I’m of the opinion that just about every famous dish used to be good once, even if it’s much maligned now. Black Forest gateau and chicken Kiev are two that immediately spring to mind. But good sausages and beefburgers are also often hard to find. But that doesn’t matter because making your own beefburger is so satisfying, easy and quick. You really should question as to why you’d bother buying suspect supermarket ones.

Seeing as a burger is actually a piece of 100% meat, it really is worth getting good lean meat and a good cut at that. Therefore there’s nothing wrong in maybe using rump, sirloin or even silverside and buy the best quality of beef you can justify. You could ask your butcher to mince it for you and, if you do, ask that it’s minced relatively coarsely. However, you could mince it at home or, as I prefer, just chop it with a knife.

I tend to add little to the burger. I salt after it’s cooked but you could add a little freshly-ground black pepper and we often add a little freshly-grated horseradish at the restaurant. But there’s nothing wrong in adding nothing at all; leaving the seasoning to the end and choosing your accompaniments with care.

And what will they be? We tend to use bacon, cheese, cos lettuce and onions rings at the restaurant. But a few slices of raw onions, a slice of tomato and some mayonnaise make good accompaniments. And then there’s the bun. Quality’s the key again and you could toast it or not. I prefer the former but it’s up to you.

So, for the burger, the list of ingredients isn’t very long. Use 150g to 180g of meat per burger. That’s about the size of a small to medium steak. If you want it minced, either get it minced for you or mince it yourself as coarse as possible. Alternatively, chop with a knife before binding into a ball in your hand and then moulding into a patty shape. I prefer it relatively thick, about an inch, to ensure it stays moist.

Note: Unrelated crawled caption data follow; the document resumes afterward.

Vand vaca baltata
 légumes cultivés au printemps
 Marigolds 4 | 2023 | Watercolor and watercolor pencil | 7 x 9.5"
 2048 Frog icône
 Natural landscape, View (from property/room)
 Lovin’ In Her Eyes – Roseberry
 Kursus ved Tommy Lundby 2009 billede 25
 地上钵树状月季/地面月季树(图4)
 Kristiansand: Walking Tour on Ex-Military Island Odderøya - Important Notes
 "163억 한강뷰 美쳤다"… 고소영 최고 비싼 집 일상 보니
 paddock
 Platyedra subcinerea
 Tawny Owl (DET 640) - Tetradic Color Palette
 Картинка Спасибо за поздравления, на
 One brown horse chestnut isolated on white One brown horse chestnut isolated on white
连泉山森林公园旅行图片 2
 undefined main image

Whether you’re cooking on a barbecue or indoors in a thick-based frying pan, make sure the cooking surface is good and hot before starting. Brush each side of the burger with oil and then apply to the heat, pressing down every now and then, leaving it to cook for three or four minutes. Season with a little salt and pepper as necessary and then cook on the other side for a couple of minutes more. That, after a few minutes rest, should give you a juicy yet cooked burger. Over cooking will spoil it.

Whilst it’s resting in a warm place, toast the bun if wanted and assemble the accompaniments. So easy, quick and satisfying.